Ce livre regroupe deux nouvelles longues de Samuel R delany. Elles s'inscrivent dans le sous-genre du space-opera si prisé par l'auteur.
La première nouvelle fonctionne comme une enquête policière avec un mystère a éclaircir pour le personnage principal. Ce mystère nous tient en haleine tout du long même si la révélation finale m'a un peu déçu.
La seconde nouvelle est plus torturée. L'intrigue commence simplement avant de se complexifier (c'est le cas de le dire !!!!) progressivement jusqu'à une conclusion dont je ne suis pas sur d'avoir capter toutes les subtilités.
Ces deux nouvelles ne dépayseront pas les lecteurs de l'écrivain puisqu'elles sont déjà imprégnés de son style de sa personnalité, annonçant ses trois romans les plus célèbres que sont « Babel 17 », « L'intersection Einstein » et « Nova ».
Jo, tu auras l'impression, on a l'impression, en lisant, que certains auteurs ont déjà découvert les choses que l'on découvre. Ainsi, Théodore Sturgeon, un écrivain de science-fiction d'il y a longtemps, m'anéantissait chaque fois que je lisais quelque chose de lui. Il semblait avoir vu chaque rayon de soleil jouant sur la fenêtre, chaque ombre de feuillage projetée sur les yeux mi-clos, que je pouvais voir. (...) Et il écrivait censément de la fiction, et ce, il y a quatre mille ans. Finalement, on s'aperçoit que beaucoup d'autres gens ressentent la même chose à la lecture de l'auteur en question, des gens qui n'ont ni fait, ni vu les mêmes choses que vous. Ce type d'écrivain ne court pas les rues.
- Jo, tu es toi-même.

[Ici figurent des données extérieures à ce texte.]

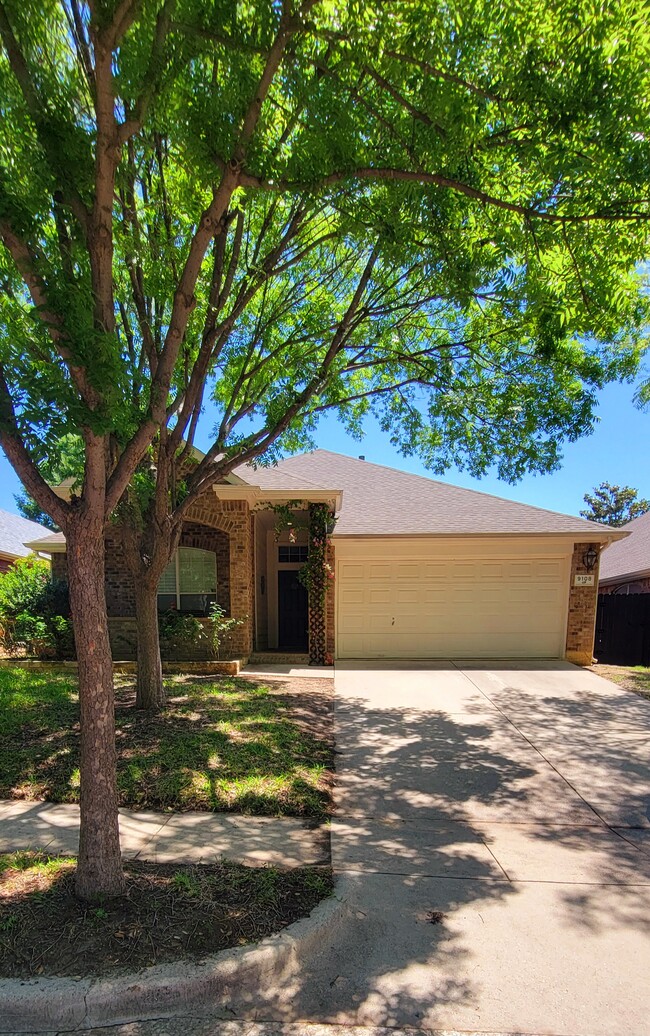 property at 9108 Brinson Dr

Et cela a la valeur que tu veux y mettre.
- Peut-être rien n'a-t-il plus d'importance que cela, Mul. Si cette question a une réponse, c'est celle-ci. Savoir que l'on est soi-même, et rien d'autre.
Les combinaisons récurrentes de la littérature, expliqua le Mul. Deux écrivains, le premier, un homme fait, l'autre, plus jeune, souvent guère plus qu'un enfant, et un évènement tragique. Alors, un joyau merveilleux est offert au monde. Cela est arrivé tous les vingt-cinq ou cinquante ans depuis l'avènement du Romantisme.

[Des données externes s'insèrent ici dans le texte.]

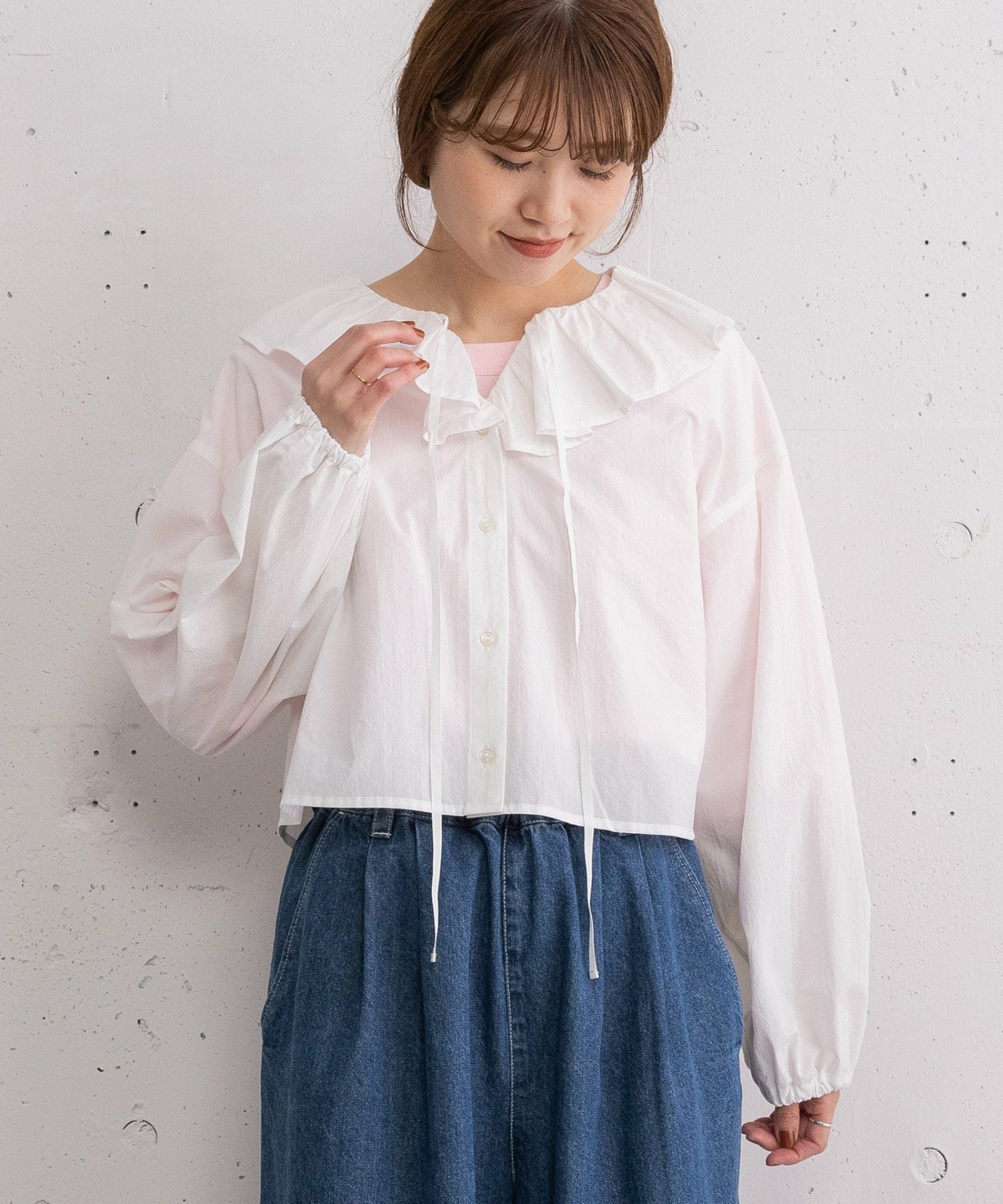 SPECIAL PRICE】ラッフルカラークロップドブラウス | COO ONLINE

Je finis par me taire, tremblante et terrorisée. Il ne répondait rien, se contentant d'osciller, là devant moi. Je pus articuler :
« Qu'est-ce que tu es ? »
Et plus doucement, comme s'il l'entendait à un niveau plus profond, il répéta :
« Je ne sais pas. »
J'eus alors l'inspiration de demander :
« D'où viens-tu ? »
- De dehors, de l'extérieur de la Cité. J'existe dans le … le sable, comme vous appelez cela, dans les champs de mésons qui entourent les vaisseaux.
Quatorze fois plus gros que la Lune vue de la Terre, Sigma-9 était suspendu au-dessus de sa tête. Il savait parfaitement qu'en stase tout mouvement était aboli. Il se savait en lieu sûr à l'intérieur de son croiseur, à quelques minutes d'une douzaine de soleils et de leurs planètes rassurantes. Mais l'épave fantomatique paraissait dériver vers lui.